Driver killed in fiery single-vehicle crash on Blanton Road
A northbound Toyota RAV4 left Blanton Road, hit a fence and two trees, then burned so intensely the driver died at the scene.

A northbound Toyota RAV4 left Blanton Road south of Parrish Grove Road, struck a fence and two trees, and burst into flames, killing the driver in a violent early-morning wreck that now raises fresh questions about the dangers of the road itself.
The Florida Highway Patrol said the driver failed to negotiate a curve on April 13, then drifted onto the shoulder before the SUV hit the fence and trees. The impact sparked a fire that severely burned the Toyota, and the unidentified driver was pronounced dead at the scene. With no other vehicles involved, the crash was not a chain-reaction collision or a congestion-driven pileup. It was a single-vehicle departure from the roadway that turned deadly in seconds.
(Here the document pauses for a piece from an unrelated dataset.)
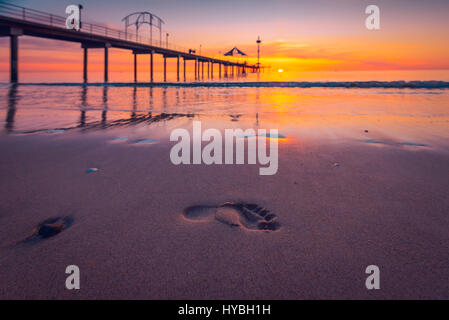 Menschliche Spuren im nassen Sand bei Sonnenuntergang, South Australia Stockfoto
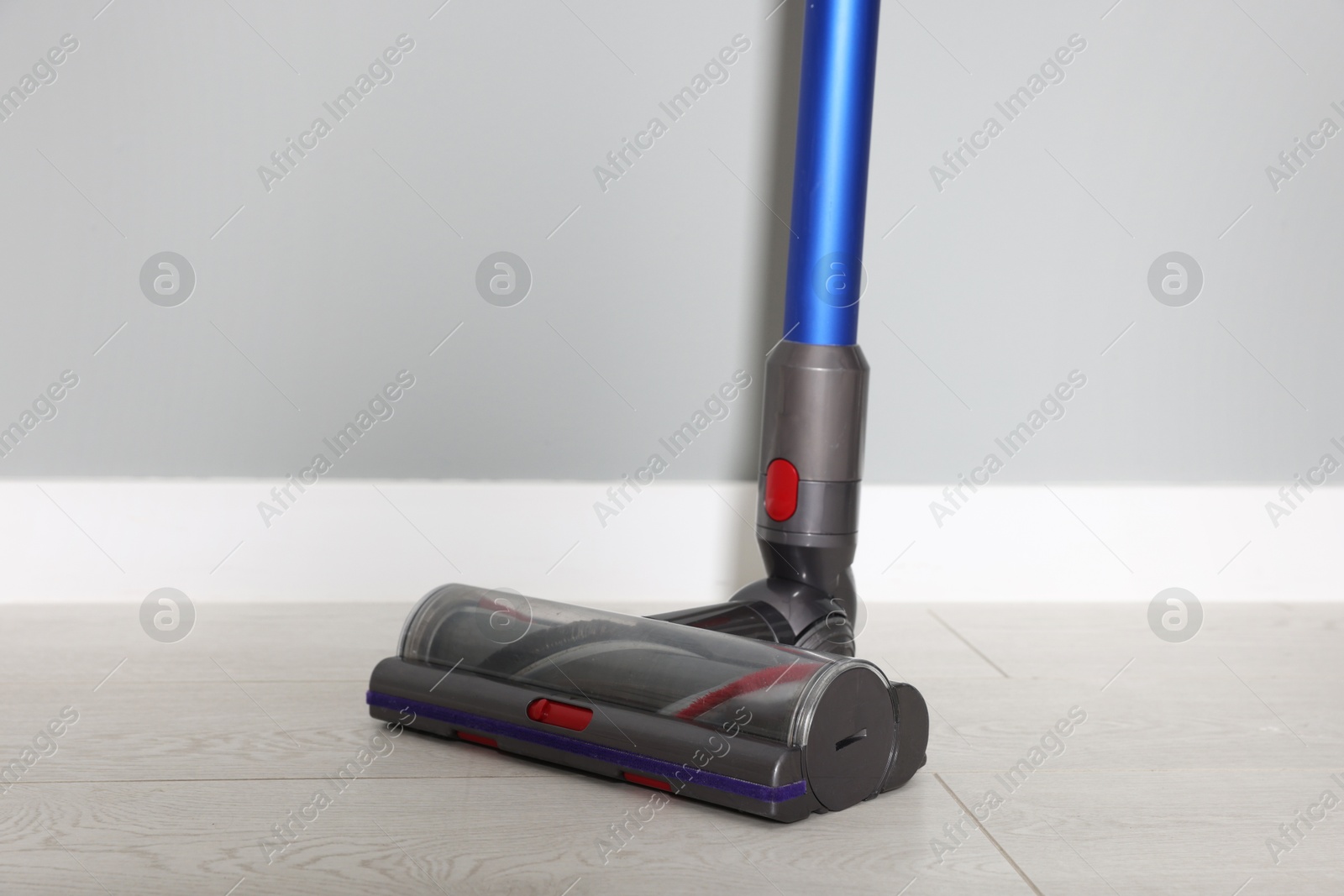 Photo of One cordless vacuum cleaner near grey wall indoors, closeup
That detail matters in Hernando County, where rural and semi-rural roads can leave little room for error. The unanswered questions are the same ones investigators typically examine after a crash like this: Was speed a factor? Was the curve difficult to see in the dark? Did lighting, pavement condition, or roadside hazards leave the driver with no recovery space once the SUV left the travel lane? Those issues are especially important on roads like Blanton Road, where a curve and fixed objects close to the shoulder can turn a minor mistake into a fatal impact.
The timing also underscores how dangerous nighttime crashes can be. Florida recorded 2,962 fatal crashes and 3,184 deaths in vehicle crashes in 2024, and state crash summaries show that 45% of fatal crashes happened at night, between 7 p.m. and 6 a.m. The Blanton Road wreck fits that pattern, unfolding in darkness and ending with a vehicle engulfed in flames.
Full crash reports can take up to 10 days to become available, and reports containing personal information remain confidential for 60 days after filing under Florida law. Florida Highway Safety and Motor Vehicles is the official custodian of crash reports and statewide crash data, while the Florida Department of Transportation points to those records, along with crash dashboards and SSOGIS tools, for county-level and location-specific analysis. For now, one fact is clear: a quiet stretch of Blanton Road became the site of a fatal crash, and the road conditions that helped shape it are still the central question.